Activist and documentary filmmaker, Jason Wallch, came to campus to screen his documentary which explores the problems of privatization of water, and the fight over water decentralization in El Salvador.

His film, ‘Until the Last Drop,’ is the product of Wallch living in El Salvador from 2005 to 2007. He began working with many of the water works and unions who makes sure clean water gets into the homes of citizens.

“These people are working 60-70 hours a week and will show you their paycheck,”  Wallch said. “They make $155 a month, do a lot and suffer on their knees with human waste but they keep doing it. I was amazed by these guys’ dedication to make sure the country had water.”

The battle to keep decentralization was getting worse, and Wallch was compelled to investigate Central America’s conflict over water because only 60% of citizens have access to water.

Many families are being charged for water when many struggle with a low income and don’t have enough to pay for water.

The government and mayor began to install meters to charge people for this necessity even when they dig their own wells.

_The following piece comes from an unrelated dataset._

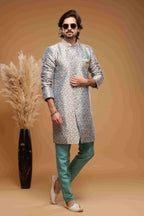 Raivat Ethnic Banarasi Jacquard Embroidery Semi Indo Western Sherwani In Grey Colour | Grocsy
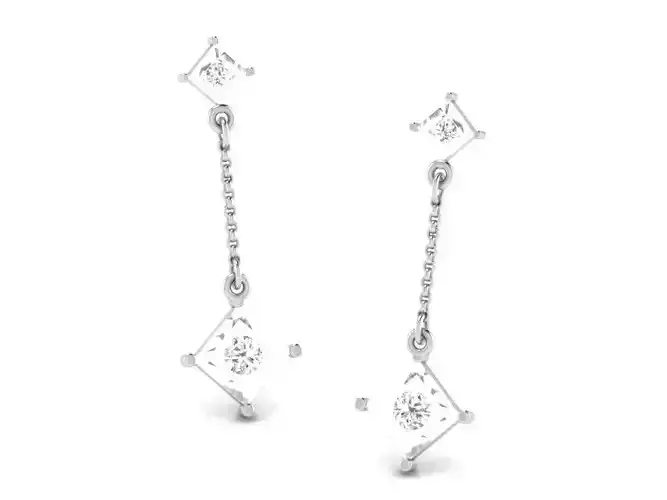 Silver Drop Earrings With Diamonds 2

Environmentalists, coalitions and unions began to fight for privatization. The citizens of San Pedro asked the mayor and certified board, that the water systems need to go back into public control. The people blockaded their area and in result the board shut down water for 15 days.

Human organizations spoke to the federal government and mayor of El Salvador because the government did not build the wells, the people did, which makes them the legitimate owners.

“The movement and fight have been so bad that the government started shooting people with tear gas,” Wallch said. “The people of El Salvador who defend water are fighting for their survival.”

Today, water supply distribution is continuous but laws haven’t been placed, slowing down privatization.